■ LISTED RECORDS:
..............................

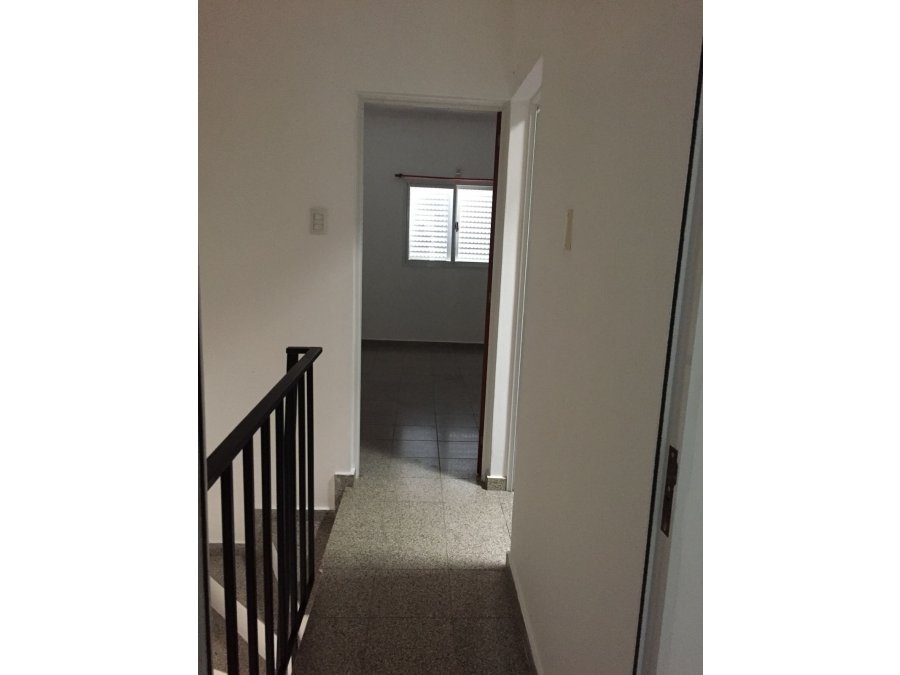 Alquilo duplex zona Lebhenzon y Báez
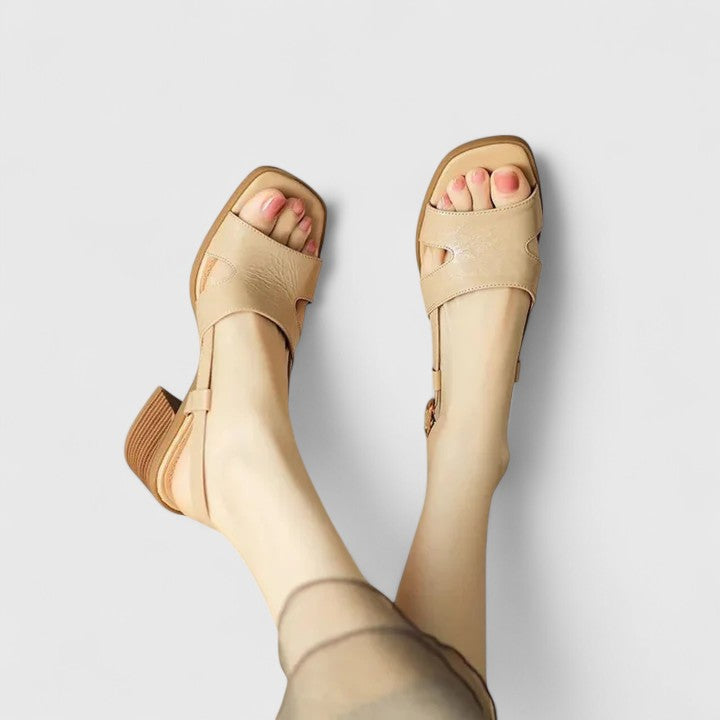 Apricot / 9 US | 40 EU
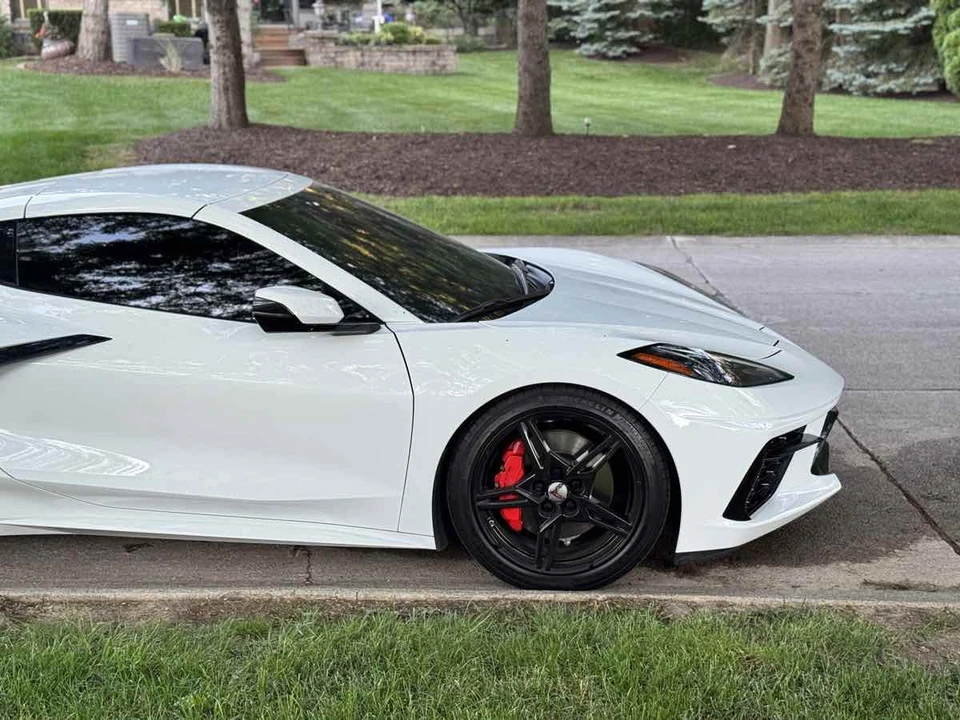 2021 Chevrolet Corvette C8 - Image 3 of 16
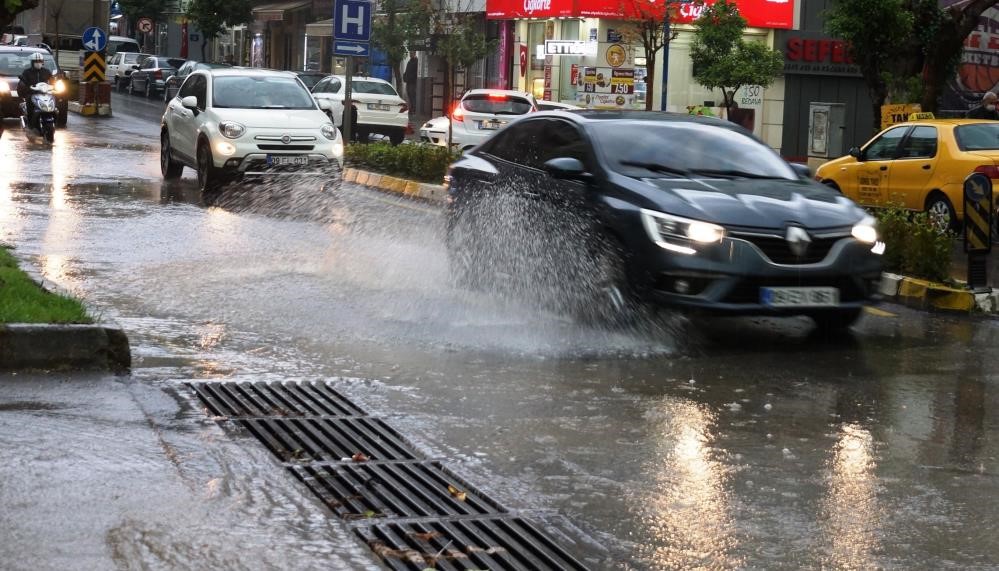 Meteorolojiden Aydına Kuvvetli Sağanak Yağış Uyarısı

..............................

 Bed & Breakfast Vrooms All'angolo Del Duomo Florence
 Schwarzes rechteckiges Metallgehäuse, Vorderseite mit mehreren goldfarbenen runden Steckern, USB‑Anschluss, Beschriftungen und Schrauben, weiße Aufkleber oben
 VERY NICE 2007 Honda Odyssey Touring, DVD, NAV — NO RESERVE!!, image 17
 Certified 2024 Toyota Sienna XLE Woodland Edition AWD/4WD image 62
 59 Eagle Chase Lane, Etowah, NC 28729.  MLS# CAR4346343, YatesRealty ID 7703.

..............................

■ YOUR TASK:
Out of the records above, please copy exactly the lines from the line with "Alquilo duplex zona Lebhenzon y Báez" up to and including the line with "Meteorolojiden Aydına Kuvvetli", minus the pictures.

■ THE COMPLETED TASK:
 Alquilo duplex zona Lebhenzon y Báez
 Apricot / 9 US | 40 EU
 2021 Chevrolet Corvette C8 - Image 3 of 16
 Meteorolojiden Aydına Kuvvetli Sağanak Yağış Uyarısı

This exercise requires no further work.